> Data shown:
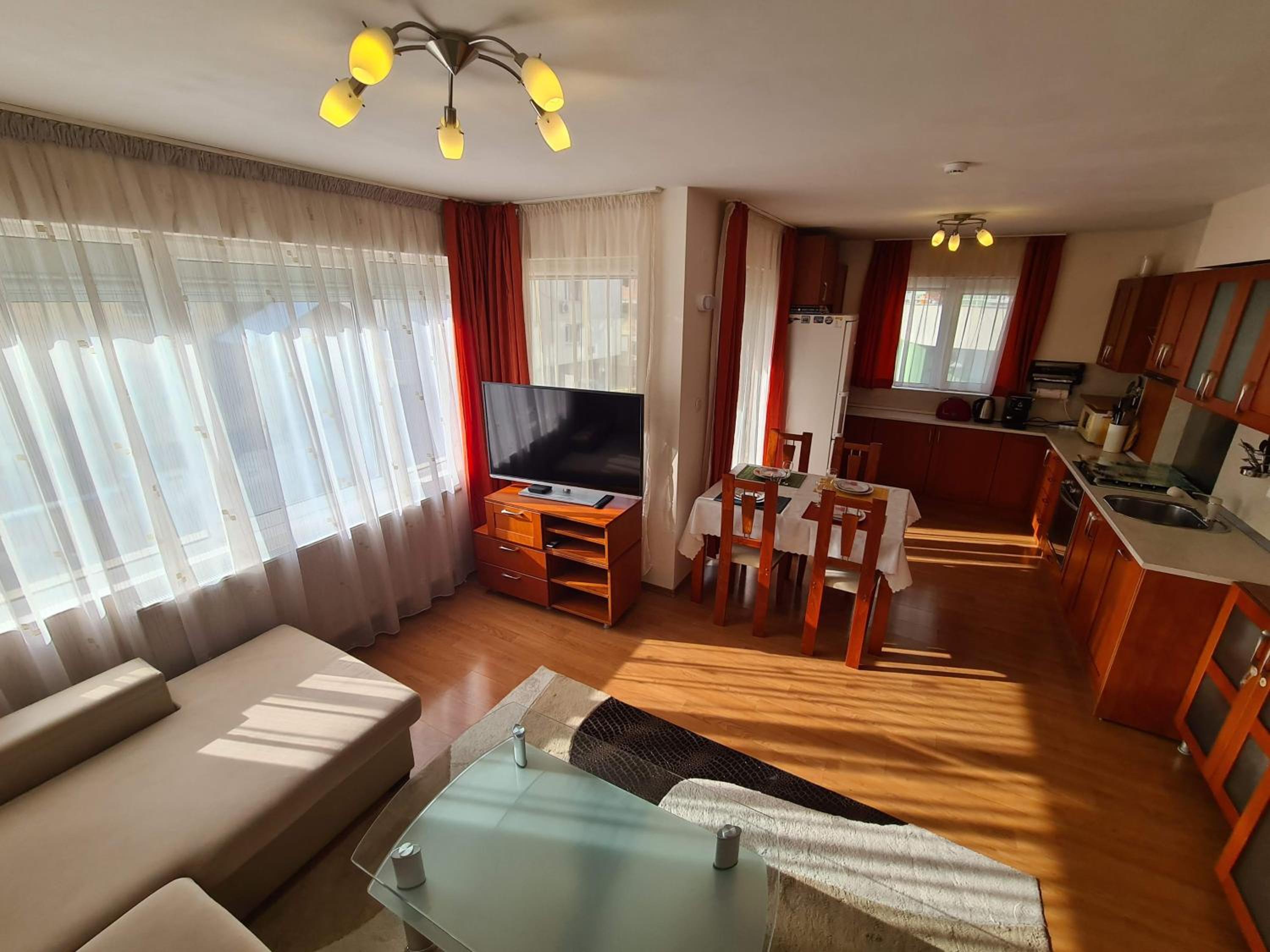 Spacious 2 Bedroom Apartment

==

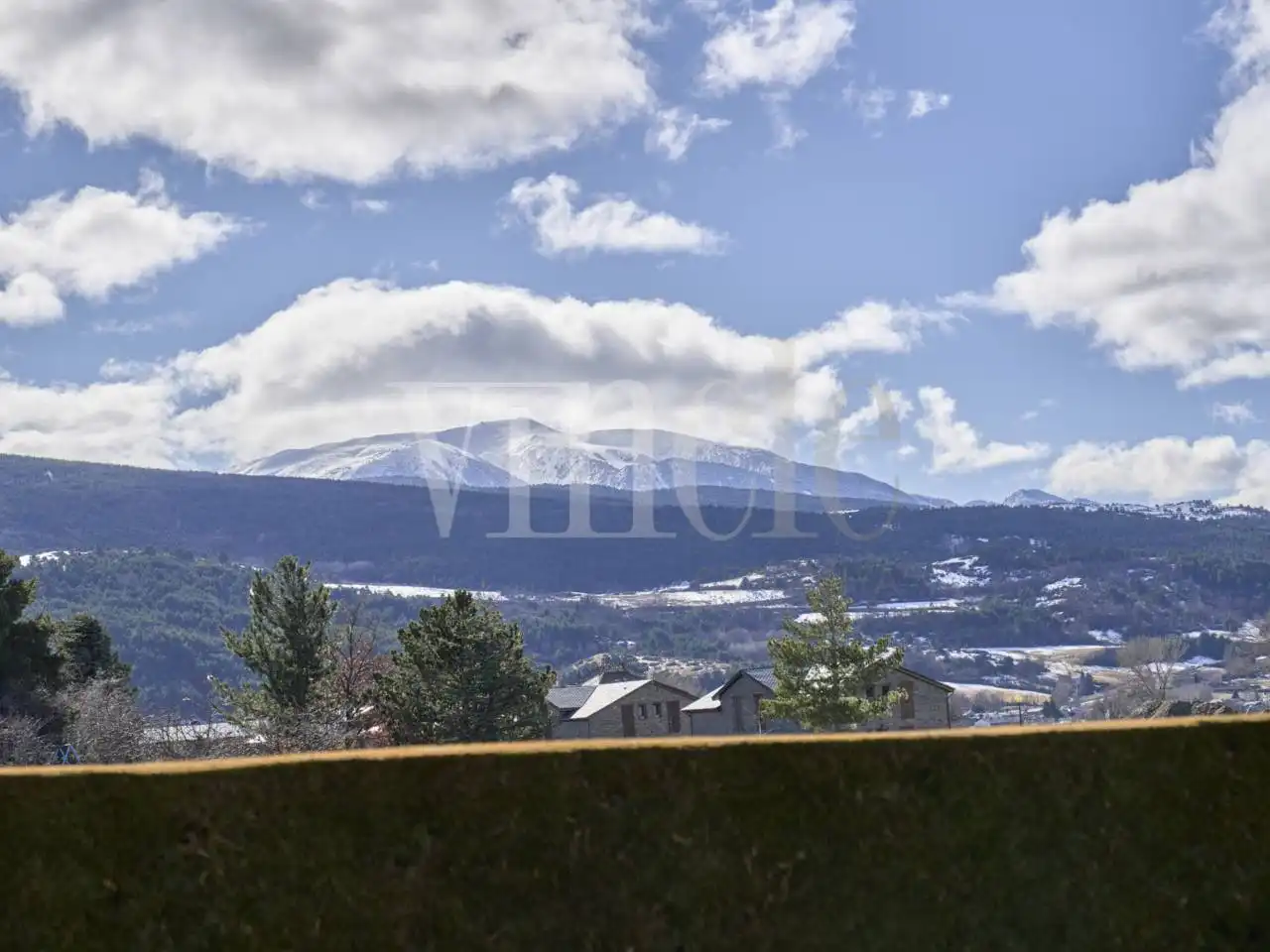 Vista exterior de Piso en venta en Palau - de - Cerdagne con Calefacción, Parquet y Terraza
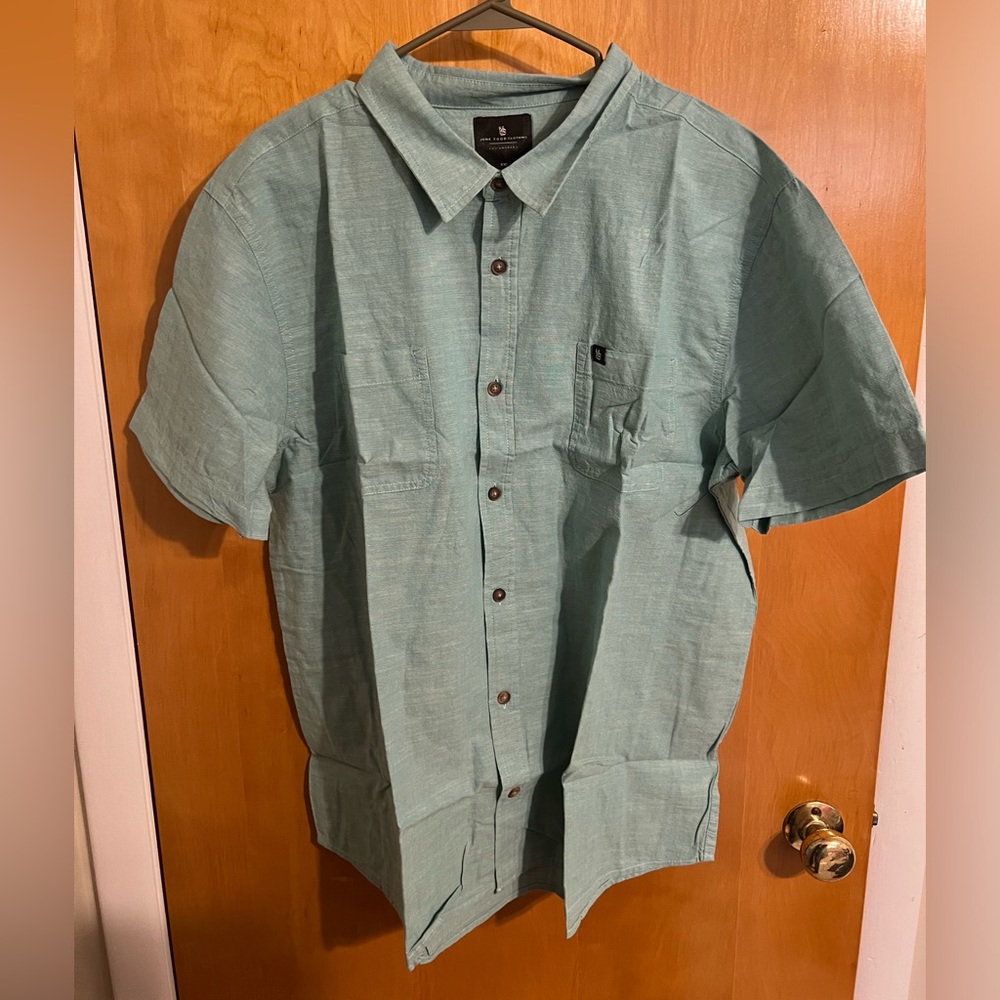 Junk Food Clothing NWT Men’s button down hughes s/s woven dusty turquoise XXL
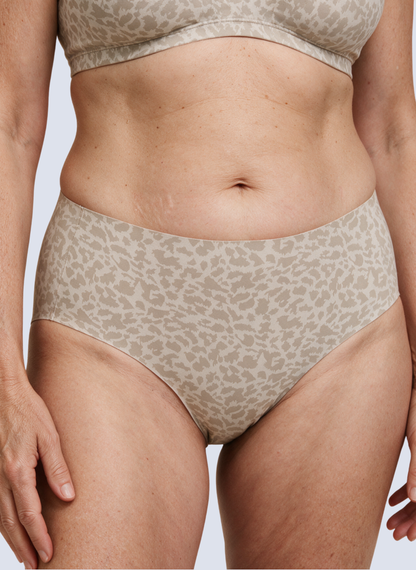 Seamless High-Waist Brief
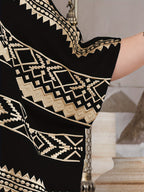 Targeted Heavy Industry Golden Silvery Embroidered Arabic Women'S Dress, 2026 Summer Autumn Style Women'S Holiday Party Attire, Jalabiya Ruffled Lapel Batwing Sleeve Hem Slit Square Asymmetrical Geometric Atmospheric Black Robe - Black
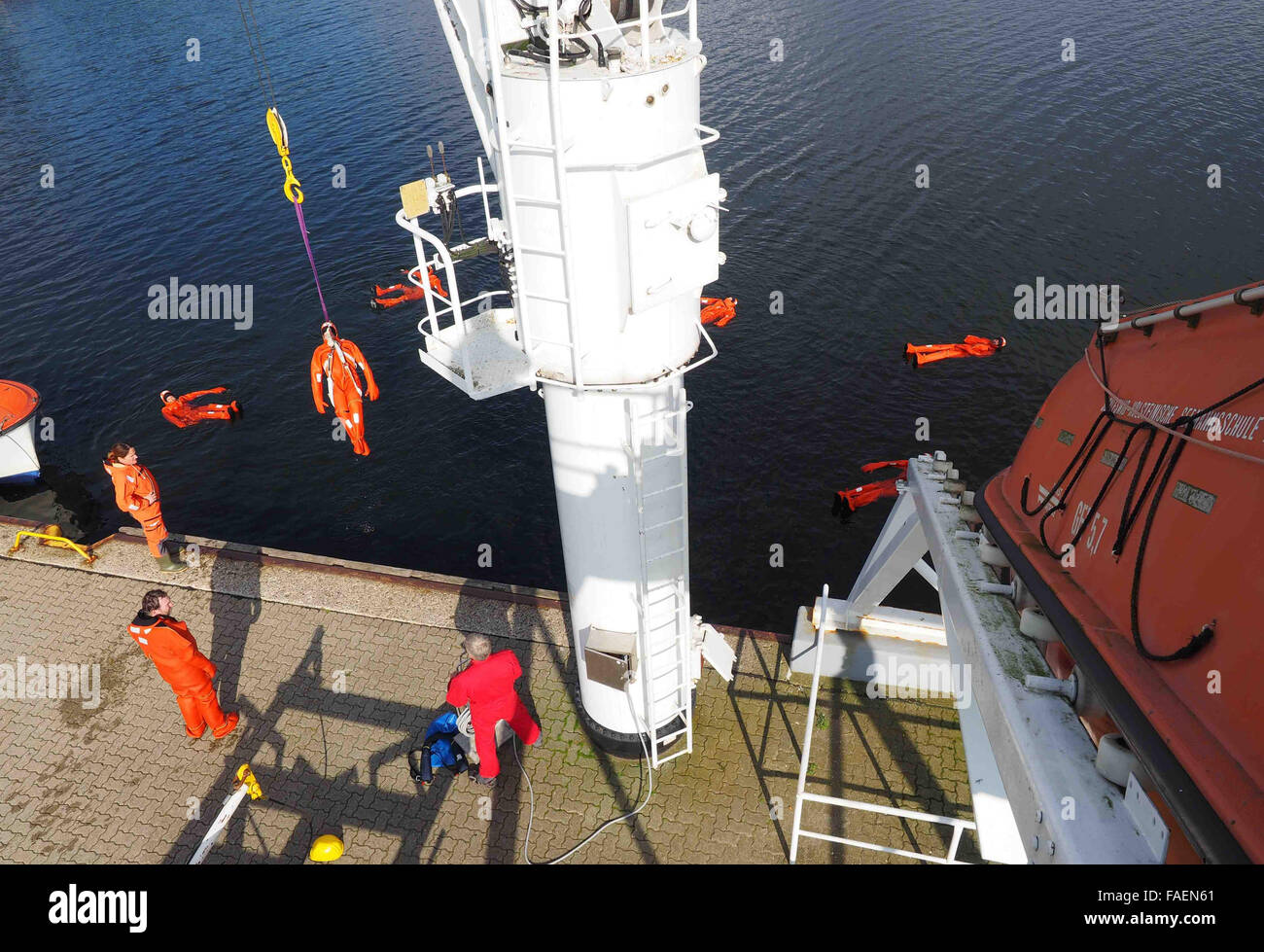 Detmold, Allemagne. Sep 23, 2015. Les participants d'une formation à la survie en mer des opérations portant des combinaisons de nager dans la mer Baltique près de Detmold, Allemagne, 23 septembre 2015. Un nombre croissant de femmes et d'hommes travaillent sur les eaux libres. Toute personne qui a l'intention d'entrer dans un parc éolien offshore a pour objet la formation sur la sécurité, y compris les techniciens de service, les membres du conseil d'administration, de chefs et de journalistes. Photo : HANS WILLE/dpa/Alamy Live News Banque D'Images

* * *

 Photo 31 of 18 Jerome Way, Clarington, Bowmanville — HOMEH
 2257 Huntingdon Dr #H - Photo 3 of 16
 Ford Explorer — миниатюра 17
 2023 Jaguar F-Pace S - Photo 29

> Exercise objective: Of the entries above, repeat exactly the lines between the line with "Ford Explorer — миниатюра 17" and the line with "2023 Jaguar F-Pace S - Photo 29", inclusive, and no others.

> Solution:
 Ford Explorer — миниатюра 17
 2023 Jaguar F-Pace S - Photo 29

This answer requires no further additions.